Nobody seems to care about all the data scamming that is going on.

No prosecutions, no FTC actions, no fines, no mass-exodus from Facebook, no mass-destruction of Android or IOS phones, no tossing Zuckerpig in prison, nothing.

I'll tell you when someone will care.

It wouldn't be hard at all to pervert "ad targeting" to collect a database of people who are extremely likely to be, say, military members.

Or their families.

Or cops.

Or virtually any other tightly-correlated group of people.

You can get very precise given the volume of data and tools today.

So you set up a company that allegedly wants to "advertise" to said people, you buy ads with that targeting and those who "click" or otherwise "interact" you now have pinpointed.  In a short while you can correlate them through other sources and now you know who they are in real life, not just as numbers in a machine.

You know exactly where they work, where they live (down to the actual street address), where they worship (if they worship), where their children go to school and where they shop.

That little device in your teen's pocket, never mind yours, delivers your location on an exact basis, within tens of feet, 24x7 every single day.

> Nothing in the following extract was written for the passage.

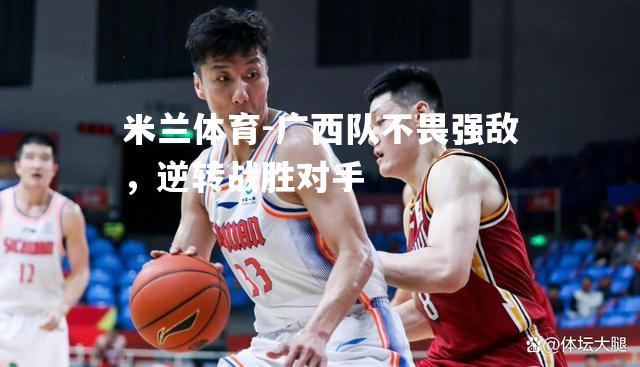 米兰体育-广西队不畏强敌，逆转战胜对手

The problem is that the bad guy isn't a company trying to sell laundry detergent or timeshares.

They're jihadists.  Or Antifas.  Or any other group -- or individual -- with motive and money -- and these days, not all that much money either.  A few million is more than enough.

Still think all this tracking is no big deal, eh?

As soon as the wrong entity decides to do this sort of thing if you're in the group they choose to target you're going to be dead wrong.